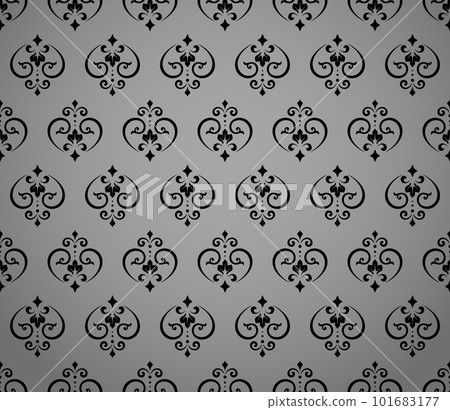 Wallpaper in the style of Baroque. Seamless vector background. Black and gray floral ornament. Graphic pattern for fabric, wallpaper, packaging. Ornate Damask flower ornament Wallpaper in the style of Baroque. Seamless vector background. Black and gray floral ornament. Graphic pattern for fabric, wallpaper, packaging. Ornate Damask flower ornament 101683177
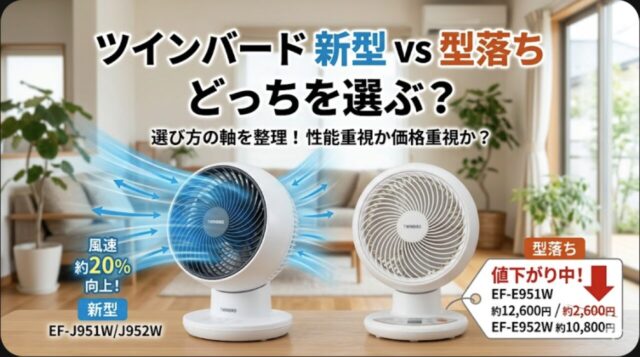 ツインバード EF-J951W / J952W が4月21日発売へ 型落ちE951/E952とどれを選ぶか整理【2026年4月】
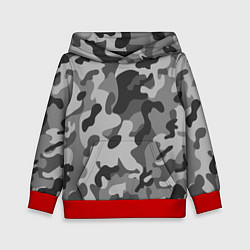 Толстовка-худи детская Ночной Камуфляж 1, цвет: 3D-красный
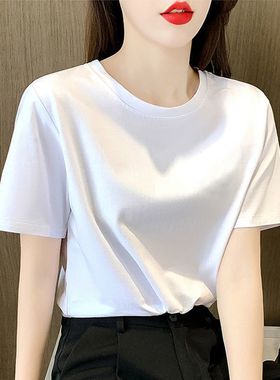 宽松短袖t恤女夏季2024新款韩版纯棉百搭血神体恤洋气半袖上衣女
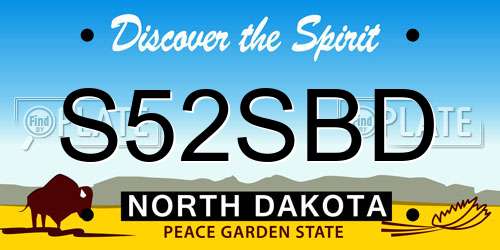 S52SBD North Dakota License Plate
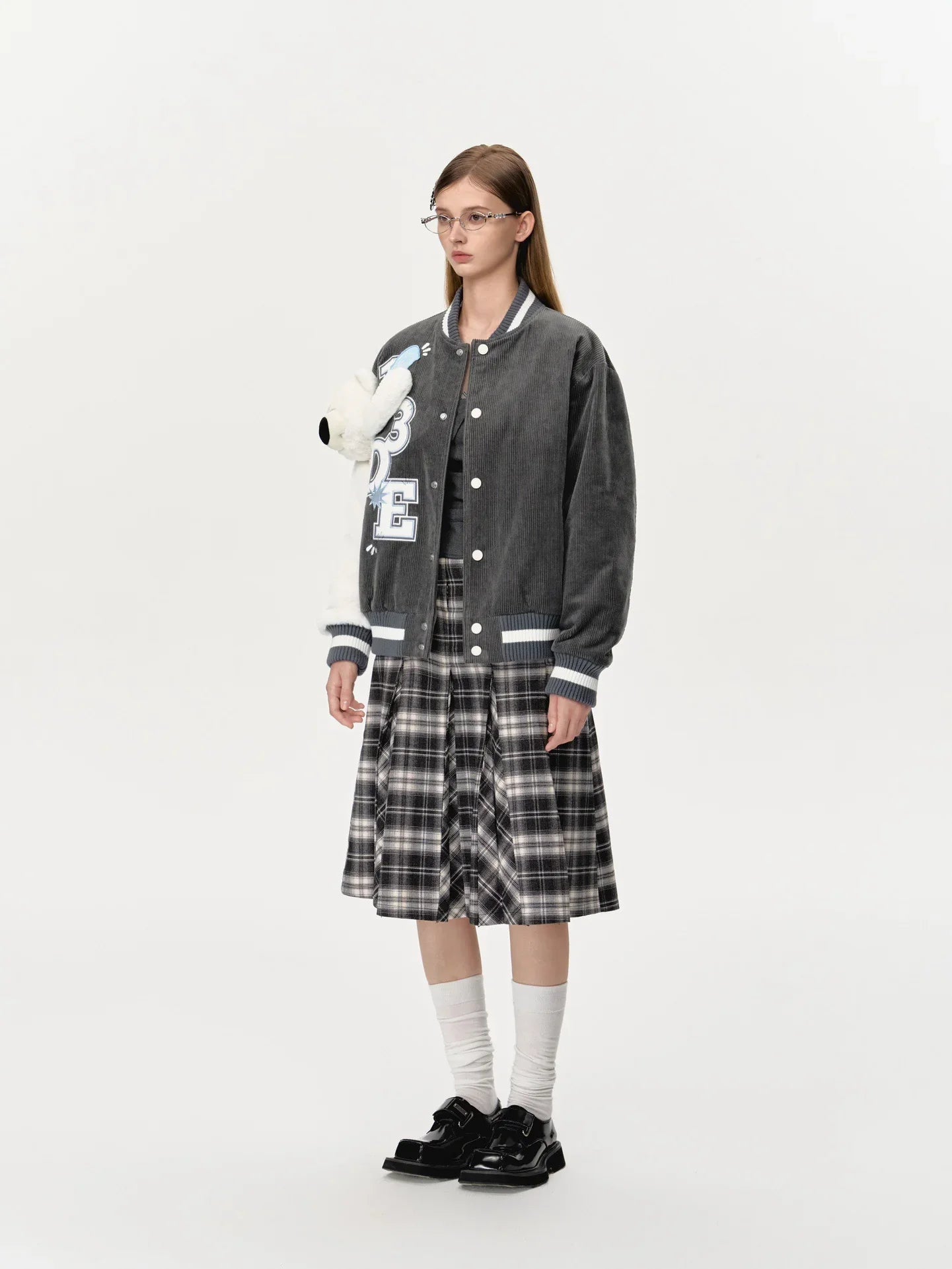 13DE MARZO BEAR SLEEVE CORDUROY BASEBALL JACKET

● ● ● ● ● ● ●

All lines from the one containing "S52SBD North Dakota License Plate" through the final line of the entries above are to be copied exactly; the pictures are not.

 S52SBD North Dakota License Plate
 13DE MARZO BEAR SLEEVE CORDUROY BASEBALL JACKET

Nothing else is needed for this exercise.